Because the Gospel is good news about what God has done through Christ, I always cringe a little when I hear people talk about living the Gospel. I know what they mean, but I can relate to what Graeme Goldsworthy says in Gospel-Centered Hermeneutics:
If something is not what God did in and through the historical Jesus two thousand years ago, it is not the gospel…[Christians] can only believe it, proclaim it and seek to live consistently with it. Only Jesus lived (and died) the gospel. It is a once-for-all finished and perfect event done for us by another.
That’s good stuff.
But Glenn R. Kreider provides some counterbalance in a review of Goldsworthy’s book in the latest issue of Bibliotheca Sacra:
Certainly the gospel (good news) is grounded in the work of Christ, but it would seem to include the future work of Christ as well (including His return and the new creation), as well as blessing for all believers (Gal. 3:8). Furthermore this limitation seems inconsistent with Goldworthy’s definition of the gospel as “the event (or proclamation of that event) of Jesus Christ that begins with his incarnation and earthly life, and concludes with his death, resurrection and ascension to the right hand of the Father” (p. 58). Would not the proclamation of the work of Christ be something that Christians do, and would not that proclamation include living the message as well? In short, how does one separate the verbal and incarnational ministry of the gospel? Did not Paul indicate that Christians do live the gospel when he wrote that “we always carry around in our body the death of Jesus” (2 Cor. 4:10 NIV)? It would seem that one way to understand Paul’s testimony in Philippians 3:10-11 is as affirming his desire to live the gospel. “I want to know Christ and the power of his resurrection and the fellowship of his sufferings, becoming like him in his death, and so somehow, to attain to the resurrection of the dead” (NIV). Also, Goldworthy’s emphasis on the eschatological trajectory of the biblical story seems difficult to reconcile with the strong limitation of the work of Christ completed in the past. He writes, “God’s plan from all creation was the new creation and a people created and redeemed in Christ. The blueprint of creation and of all history is the gospel” (p. 223).

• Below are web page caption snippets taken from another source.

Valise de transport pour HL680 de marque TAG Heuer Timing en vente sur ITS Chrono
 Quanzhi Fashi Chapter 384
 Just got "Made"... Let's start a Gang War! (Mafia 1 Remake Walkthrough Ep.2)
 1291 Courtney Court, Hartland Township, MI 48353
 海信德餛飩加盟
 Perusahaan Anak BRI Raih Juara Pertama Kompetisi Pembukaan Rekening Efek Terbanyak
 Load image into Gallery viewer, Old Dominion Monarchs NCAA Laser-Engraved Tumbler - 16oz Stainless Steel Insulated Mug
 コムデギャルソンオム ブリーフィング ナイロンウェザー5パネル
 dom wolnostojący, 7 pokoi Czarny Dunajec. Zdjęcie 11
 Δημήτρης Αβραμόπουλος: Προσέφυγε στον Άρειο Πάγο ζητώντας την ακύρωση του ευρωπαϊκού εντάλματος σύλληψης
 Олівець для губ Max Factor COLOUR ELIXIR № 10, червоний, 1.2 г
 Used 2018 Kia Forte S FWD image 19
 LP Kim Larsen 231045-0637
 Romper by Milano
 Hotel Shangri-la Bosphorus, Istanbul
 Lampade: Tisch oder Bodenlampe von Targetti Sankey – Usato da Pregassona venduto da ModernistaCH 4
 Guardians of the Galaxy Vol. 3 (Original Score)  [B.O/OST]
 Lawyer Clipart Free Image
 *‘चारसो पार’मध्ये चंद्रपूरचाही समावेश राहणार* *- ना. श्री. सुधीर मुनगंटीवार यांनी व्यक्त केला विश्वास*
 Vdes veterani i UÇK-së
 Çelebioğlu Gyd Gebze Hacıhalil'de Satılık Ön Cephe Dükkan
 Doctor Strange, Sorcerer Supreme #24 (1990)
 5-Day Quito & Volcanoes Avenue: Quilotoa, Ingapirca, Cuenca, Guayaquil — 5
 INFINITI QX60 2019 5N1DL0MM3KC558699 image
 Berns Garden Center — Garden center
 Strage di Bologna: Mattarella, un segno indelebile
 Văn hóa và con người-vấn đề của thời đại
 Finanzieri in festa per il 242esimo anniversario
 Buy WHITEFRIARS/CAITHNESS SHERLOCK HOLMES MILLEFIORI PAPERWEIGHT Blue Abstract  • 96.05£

I still cringe a little when I hear people talk about “living the Gospel” but I think Kreider has a point. One of our greatest needs is to keep our definitions of the Gospel centered on the work of God in Christ rather than our own works, but then to include all the work that God did through Christ as good news of what God has done and continues to do. Tim Keller’s recent article in Leadership Journal is an excellent resource on this topic.